Verbatim output of the lines below is required, with the images omitted.
---+---
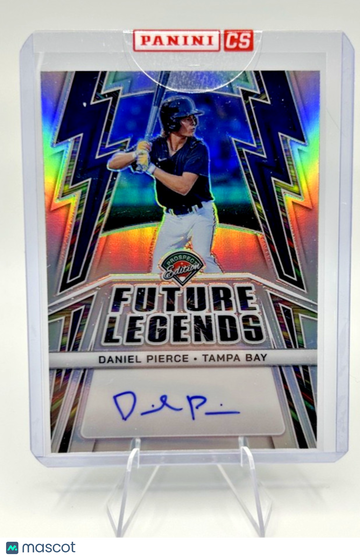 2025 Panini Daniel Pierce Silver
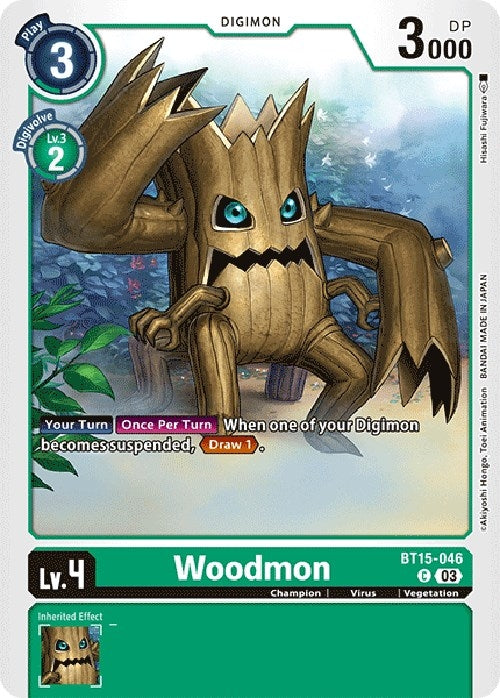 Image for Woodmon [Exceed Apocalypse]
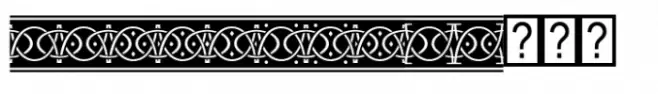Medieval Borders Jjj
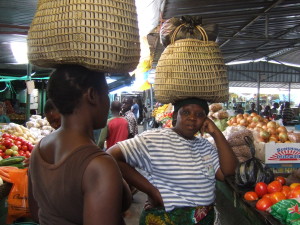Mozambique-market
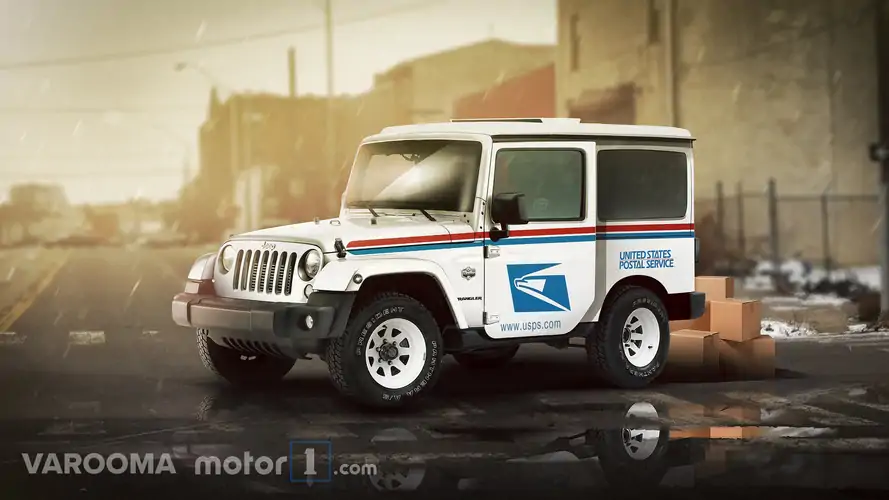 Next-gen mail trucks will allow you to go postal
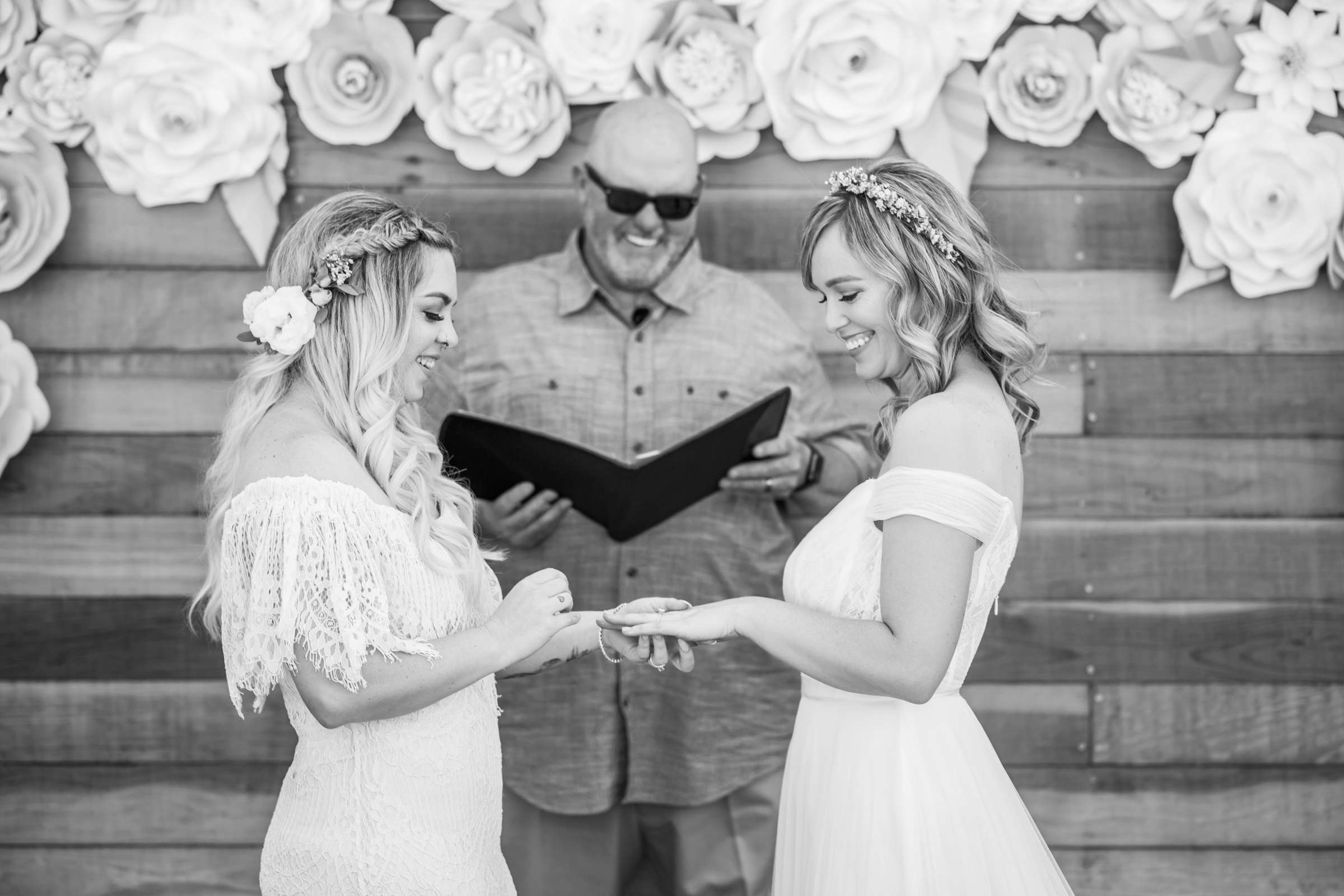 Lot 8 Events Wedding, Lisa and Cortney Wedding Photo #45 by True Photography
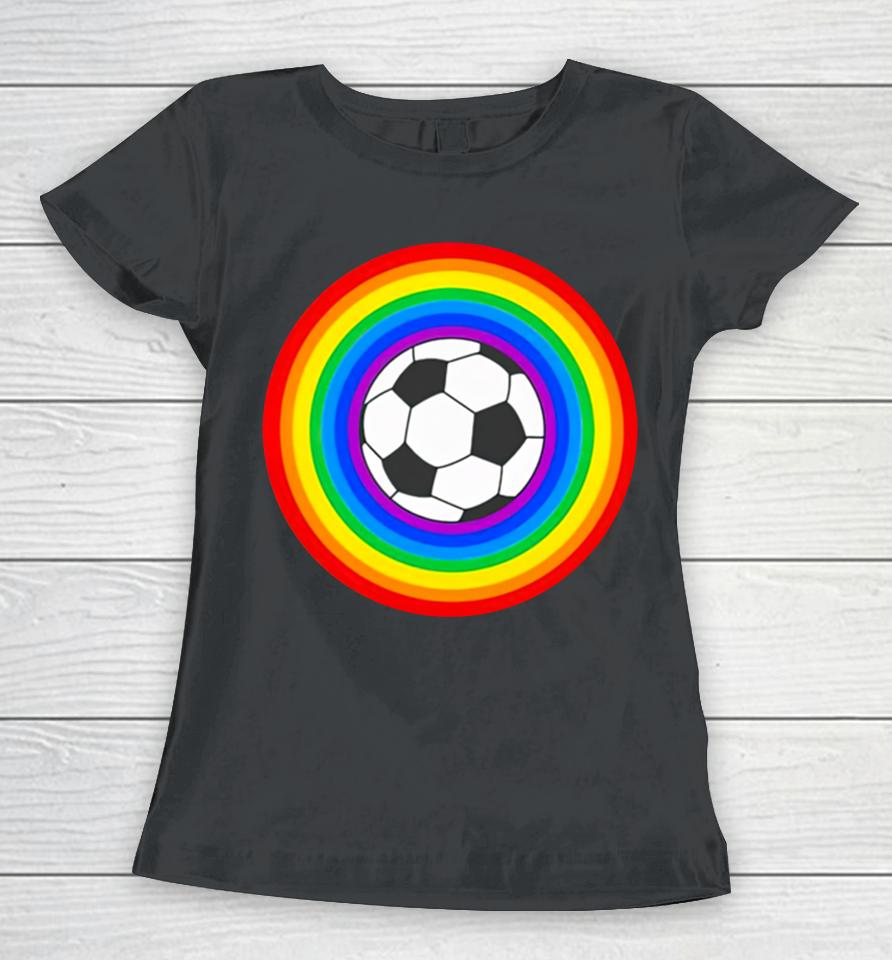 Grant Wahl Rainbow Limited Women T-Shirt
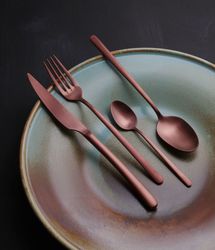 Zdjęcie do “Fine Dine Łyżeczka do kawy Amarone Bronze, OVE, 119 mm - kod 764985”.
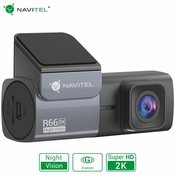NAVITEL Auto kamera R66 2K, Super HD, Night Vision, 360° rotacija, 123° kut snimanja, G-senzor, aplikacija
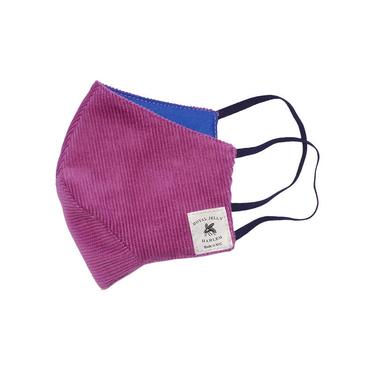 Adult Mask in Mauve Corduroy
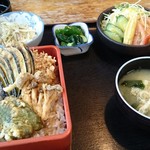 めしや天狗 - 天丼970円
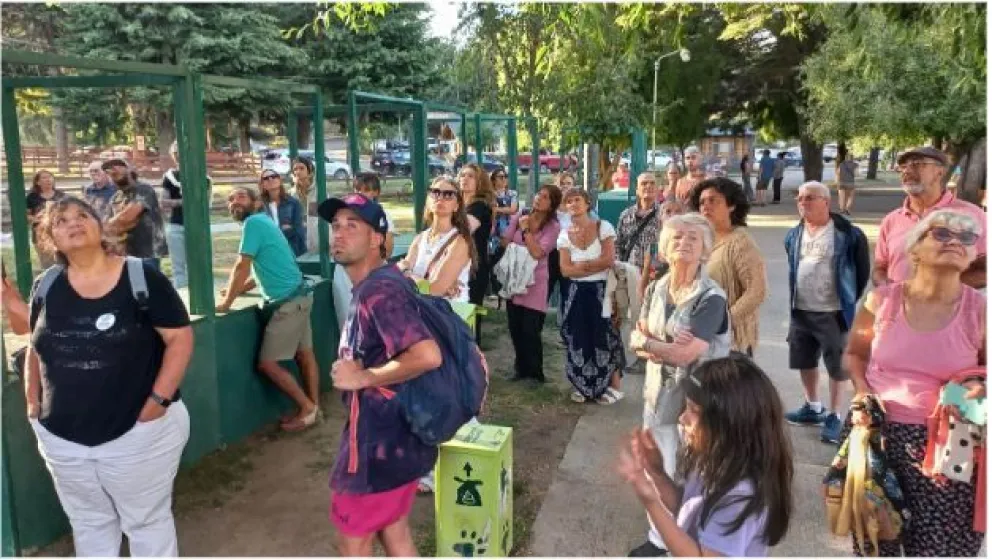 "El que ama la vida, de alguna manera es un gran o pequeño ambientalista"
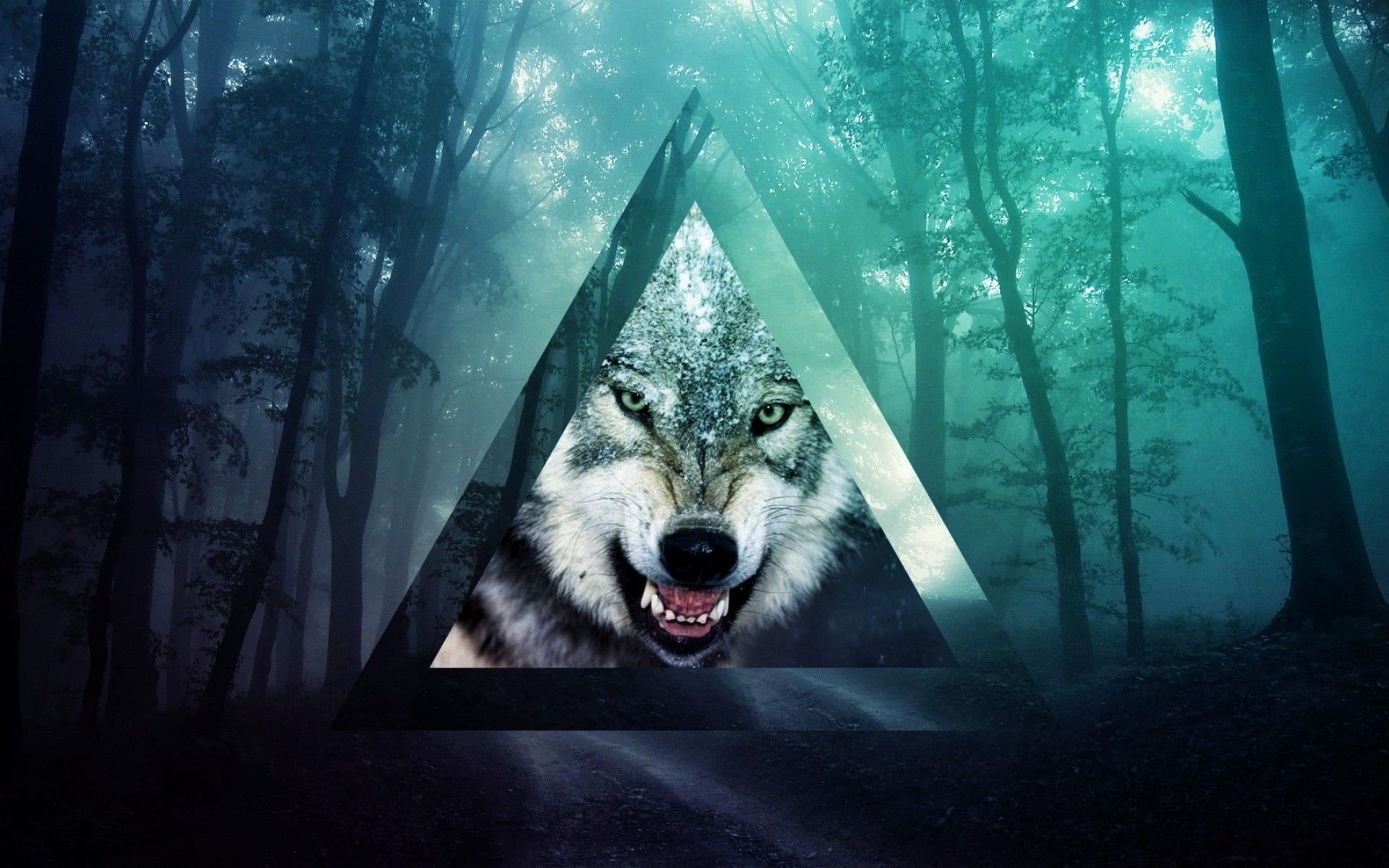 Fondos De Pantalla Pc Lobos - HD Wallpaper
---+---
**WRITTEN SOLUTION**
 2025 Panini Daniel Pierce Silver
 Image for Woodmon [Exceed Apocalypse]
Medieval Borders Jjj
Mozambique-market
 Next-gen mail trucks will allow you to go postal
 Lot 8 Events Wedding, Lisa and Cortney Wedding Photo #45 by True Photography
 Grant Wahl Rainbow Limited Women T-Shirt
 Zdjęcie do “Fine Dine Łyżeczka do kawy Amarone Bronze, OVE, 119 mm - kod 764985”.
NAVITEL Auto kamera R66 2K, Super HD, Night Vision, 360° rotacija, 123° kut snimanja, G-senzor, aplikacija
 Adult Mask in Mauve Corduroy
 めしや天狗 - 天丼970円
 "El que ama la vida, de alguna manera es un gran o pequeño ambientalista"
 Fondos De Pantalla Pc Lobos - HD Wallpaper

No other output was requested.